The Food and Agriculture Organization (FAO) has estimated that Fall Armyworm (FAW) has contributed to worsening food security for 26 million people across the globe.
As a result, the FAO has described the FAW as one of the destructive pests jeopardizing food security across vast regions of the globe. As a result, the FAO has warned that the pest’s voracious appetite means that in many parts of the world, food, fuel, and fibre are at severe risk.
Meanwhile, the FAO is calling for a coordinated approach to fight FAW since it is difficult to eradicate the bug. FAW primarily feeds on maize crops but also wheat, sorghum, millet, sugarcane, vegetables, and cotton.
This notwithstanding, the Director-General of the FAO, QU Dongyu hailed the progress in the fight against the FAW while urging renewed drive and scaling up of efforts. Qu was speaking at the latest virtual meeting of the Steering Committee of the Global Action for FAW Control. Over 40 participants including FAO Members, international experts, and key research partners attended the event.
FAW moving towards Australia and parts of Oceania
Moreover, the FAO stated that the FAW has dramatically spread eastwards from the Americas in the last five years. It has already established itself in most parts of Africa and Asia. However, the FAO indicated that it is now moving to Australia and parts of Oceania lately.

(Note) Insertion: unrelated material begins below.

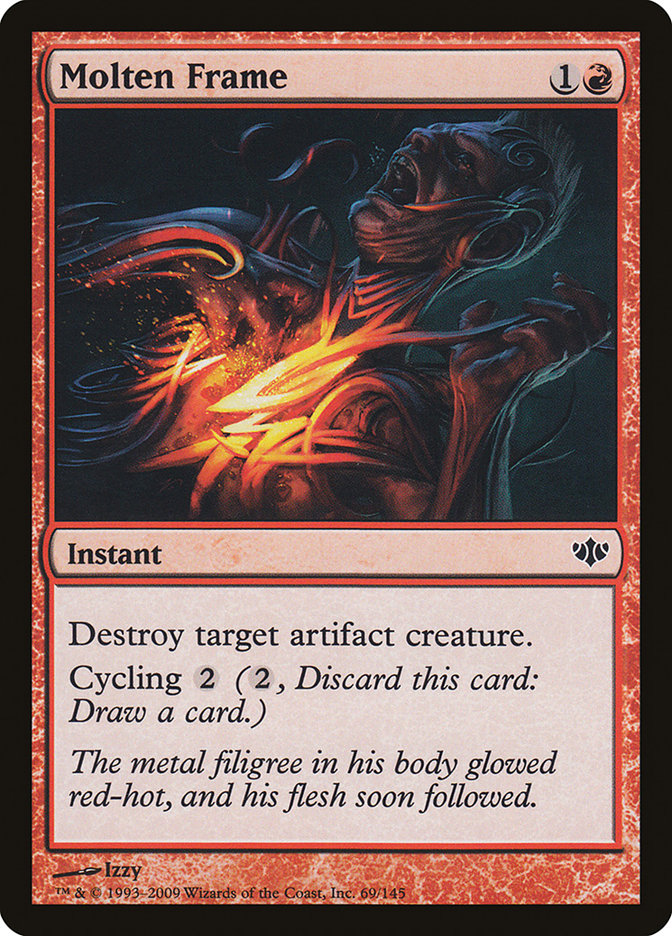 Molten Frame 69 (Conflux)  - Foil | Good Games Adelaide SA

“More than 70 countries are now affected; there are fears that the Mediterranean fringes of Europe could be next”.
Aside from the institutional level, FAO has been working to assist those whose livelihoods are most directly threatened. In 2020, despite limitations posed by the COVID-19 pandemic, nearly a million and a half African farmers were trained. The farmers were trained on scouting and monitoring the appearance and spread of FAW. They also learned about using bio-pesticides and pesticides, as well as nature-based solutions for FAW management.
“Before, from this 10-hectare marshland, we used to harvest 5 to 6 tons. But in 2017, this dropped to 3.5 tons. We did our best to fight the worm but had nothing to show for it. When the FAO project came, we understood more about FAW and the technologies it takes to fight it. The FAW mobile phone application I received allows me to collect and share information. Then the agronomist comes and inspects the field. Production has gone back up. Today, from our 10 hectares, we’re harvesting 7 tons”Cyril Nzagumandore- A beneficiary of FAO’s program.

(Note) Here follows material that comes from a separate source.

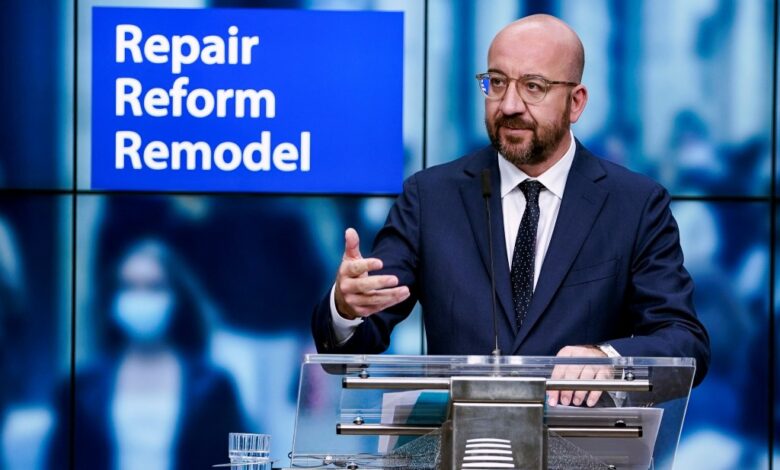 Enfrenta UE la tarea de complacer a todos con plan de recuperación 1 Enfrenta UE la tarea de complacer a todos con plan de recuperación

Digitizing the fight against FAW
The App on Nzagumandore’s phone is part of the digital tools FAO has put forward to tackle the FAW challenge. Available in 29 languages, it analyses manually entered data and photos and uses a mix of artificial and human intelligence, to detect the presence of the worm and offer guidance. Current proposals are to enhance the system with a predictive capacity. This would warn of impending invasions by combining more sophisticated data. This include meteorological patterns, insect reproduction cycles, and the presence of other host plants in the vicinity.
Overall, thousands of experts and technicians also received training from FAO last year in Africa and Asia. This includes the mass rearing of natural enemies of FAW, such as particular types of wasps.
While lauding recent progress, the Director-General also stressed the need for more funding. He revealed that a Working Group on Resource Mobilization had been set up to that effect. The meeting agreed on the need to embed the fight against FAW within the wider food security and nutrition strategies. This will help increase awareness and expand donor engagement. Meanwhile, the FAO Director-General has called for stronger, timely national and regional monitoring.